Nous sommes placés face à un texte extrême, à l’image de l’extrême qu’il relate. Ce qu’a voulu réaliser S.R. Sued est la mise en place d’une situation permettant une expérience esthétique et éthique radicalement différente, apte à transmettre la douleur, à élaborer cette langue de la douleur.
Cette poétique permet de s’engager sur la voie d’une beauté et d’un dire proprement rédempteurs, sublimés. En effet, l’auteur est étymologiquement celui qui augmente l’expérience. S.R. Sued nous donne à vivre une expérience plus individuelle que personnelle. Et parce que le récit est centré sur la personne, amplifie ce qu’elle ressent, il peut toucher toutes les personnes qui ont subi l’expérience des camps. Mais c’est encore un livre qui nous touche, toutes et tous, parce que l’expérience de l’éthique humaine finalement survivante est ce qui nous atteint toutes et tous. Enfin c’est un livre universel. S’il ne pouvait être que clairement situé en Argentine, il nous confronte cependant à des protocoles de torture qui ne sont pas uniques. Ainsi dans la voix de ce texte, c’est la voix de toute humanité torturée qui se fait entendre.

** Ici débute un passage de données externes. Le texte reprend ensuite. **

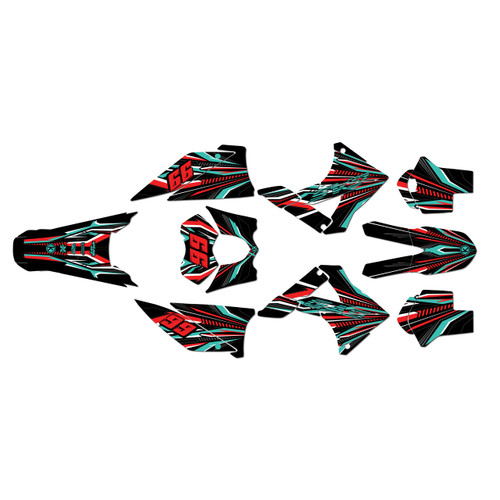 gasgas ec250 graphics kit 2010-2011 prime series teal-shift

Les procédés de S.R. Sued sont multiples, nous n’avons décrit que les plus saillants ; ils font l’objet d’une description plus ample dans la préface de l’ouvrage.

* Pour mémoire (Argentine 1976-1983)
vient de paraître aux Éditions des femmes-Antoinette Fouque (340 pages, 16 ). Le livre est traduit de l’espagnol (Argentine) par Anne-Charlotte Chasset et Dominique Jacques Minnegheer. Édition bilingue.

Dominique J. Minnegheer
Le Matricule des Anges n°180 , février 2017.